About

We study the genetic pathways that enable neurons to reliably signal to other cells. Neural signaling depends on the controlled, activity-dependent release of neurotransmitters. These hormone-like molecules act over short distances and bind target cells such as other neurons or muscles. Abnormalities or dysfunction in this process can lead to neural disorders and disease.

We study neurotransmitter release in the model animal, the roundworm Caenorhabditis elegans. C. elegans is a genetically tractable, optically translucent, fast-breeding, easily cultivated animal used to study various aspects of biology. Using this model system, we gain fundamental knowledge of how animal nervous systems work and practical knowledge that can lead to more effective drug therapies targeting evolutionary conserved proteins between worms and humans.
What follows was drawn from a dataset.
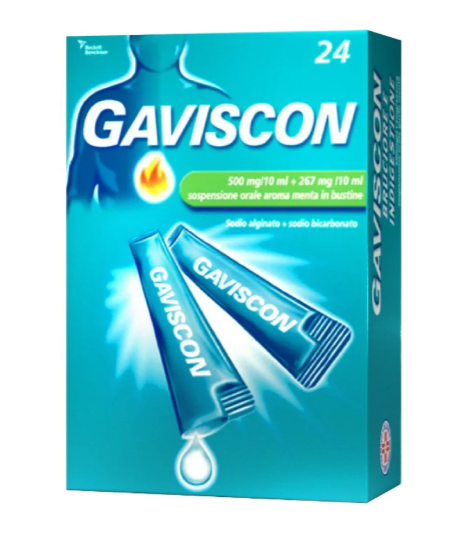 GAVISCON*24BUST 500+267MG/10ML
We are focused on resolving how neurotransmitters are packaged into synaptic vesicles and how the release of loaded synaptic vesicles is regulated. We are testing the hypothesis that the synaptic vesicle proton pump (V-ATPase) regulates fusion competency. The V-ATPase establishes the energy gradient needed for neurotransmitter loading of vesicles. Still, findings by our lab and others indicate the V-ATPase may have other roles besides its well-defined role in loading. At what step in the synaptic vesicle does the V-ATPase act? To address this question, we analyze the effects of the V-ATPase mutations on locomotion behavior and sensitivity to drugs that interact with proteins in the neurotransmitter release and synaptic vesicle recycling pathway. Using fluorescence reporters and optogenetic stimulation, we, with a network of collaborators, analyze the structure and function of synapses using quantitative confocal imaging, patch clamp electrophysiology, and electron microscopy.